The paper develops a novel transformation and numerical scheme combining multiple Gegenbauer-based techniques for spectral accuracy in solving fractional PDEs.

Findings

Achieves significantly lower average absolute errors compared to existing methods.

Demonstrates robustness across various fractional orders with excellent agreement to analytical solutions.

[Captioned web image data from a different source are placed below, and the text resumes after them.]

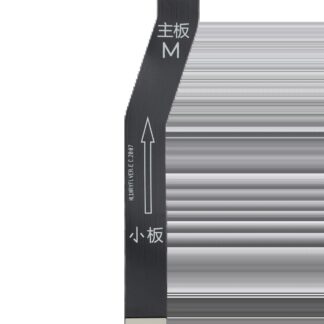 Mainboard-Flexkabel für Huawei P Smart / P Smart Plus 2019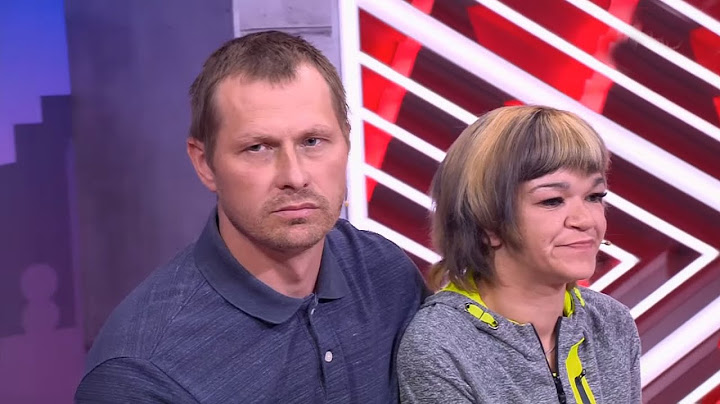 Беспризорники. Мужское / Женское 19.06.2025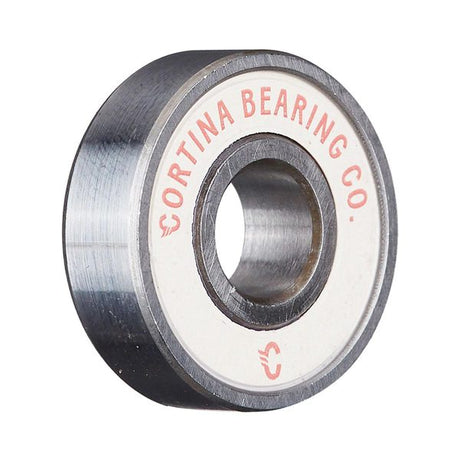 Cortina Roulements (Jeu De 8) Presto Silver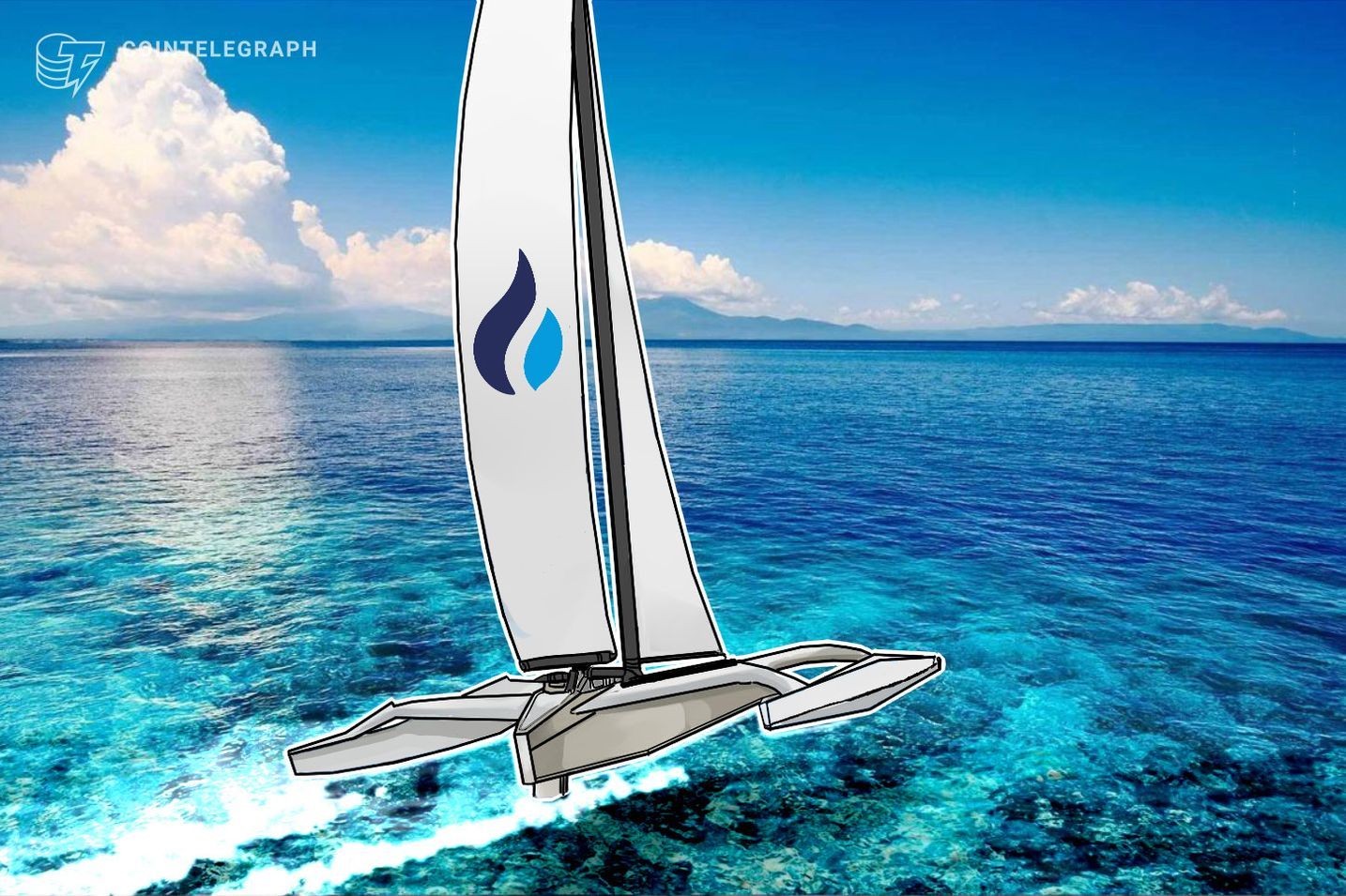 후오비가 'HTX'로 브랜드 변경, 사회적 논란 일으켜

Computational times are as low as 0.04-0.05 seconds, showing high efficiency.

Abstract

This paper presents a high-order hybrid shifted Gegenbauer integral-pseudospectral (HSG-IPS) method for solving the time-fractional Benjamin-Bona-Mahony-Burgers (FBBMB) equation. A key innovation of our approach is the transformation of the original equation into a fractional partial-integro differential form that contains only a first-order derivative, which can be accurately approximated using a first-order shifted Gegenbauer differentiation matrix (SGDM), while all other terms in the transformed equation are resolved using highly accurate quadrature rules. The method combines several advanced numerical techniques including the shifted Gegenbauer pseudospectral (SGPS) method, Gegenbauer-based fractional approximation (GBFA), shifted Gegenbauer integration matrix (SGIM), shifted Gegenbauer integration row vector (SGIRV), and SGDM to achieve spectral accuracy. Numerical experiments demonstrate that the HSG-IPS method outperforms existing numerical approaches, achieving significantly lower average absolute errors (AAEs) with computational times as low as 0.04-0.05 seconds. The method's robustness is validated across various fractional orders, showing excellent agreement with analytical solutions. The transformation strategy effectively circumvents the numerical instability associated with direct approximation of high-order derivatives in the original equation, while the use of shifted Gegenbauer (SG) polynomials and barycentric representations ensures numerical stability and efficiency. This work provides a powerful computational framework for modeling wave propagation, dispersion, and nonlinearity in fractional calculus applications.